Homeward Bound, or The Chase is James Fenimore Cooper’s 1838 sea novel, working in the nautical fiction tradition that Cooper had been one of the founders of in American literature. The novel is the first half of a two book sequence, with the companion novel Home as Found published shortly after and continuing the story of the same characters after the sea voyage that Homeward Bound covers. The two novels together represent Cooper’s most extended late career engagement with the experience of returning American expatriates encountering their changing home country after years abroad.
The novel follows the Effingham family aboard the packet ship Montauk as they sail from England back to America. The Effinghams are a wealthy American family whose patriarch Edward Effingham had spent many years in Europe and who is now returning home with his daughter Eve and his cousin John. The voyage is interrupted by various complications including a chase by British naval vessels and other dramatic situations that the nautical adventure tradition required. Cooper uses the voyage as the framework for both the action plot and for the wider character interactions among the various passengers, with the closed shipboard environment providing the kind of social setting that allows extended character development across the page count.
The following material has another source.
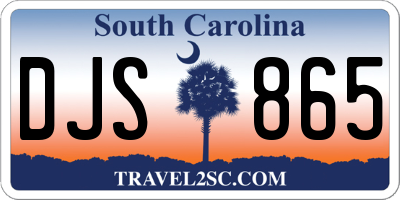 SC license plate DJS865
Cooper had returned to the United States himself in 1833 after seven years of living in Europe, and the Effingham novels draw heavily on his own experience of encountering the changed American society he found upon his return. The political and social commentary that runs through Homeward Bound and Home as Found reflects Cooper’s increasingly critical view of the rapidly democratizing Jacksonian America that he was now living in, with his European experience having given him perspectives that made the American developments more visible than they might have been to readers who had never left the country.
Cooper’s nautical fiction was grounded in his own experience as a young naval officer in the United States Navy in the early 1800s, and his depictions of shipboard life, of the various technical aspects of nineteenth century sailing vessels, and of the wider maritime culture of the period draw on his actual professional knowledge. The chase plot that gives Homeward Bound its subtitle delivers the kind of nautical action sequences that his sea novels were known for.
Cooper’s prose is in the formal style of his time, which can take some getting used to. The political and social commentary is more directly stated in the late Effingham novels than in his earlier work, and modern readers will find his conservative framing more pronounced than they expected from the author of the Leatherstocking Tales. For Cooper completists, for students of nineteenth century American social fiction, or for readers interested in how American writers responded to the Jacksonian period, the Effingham novels are essential.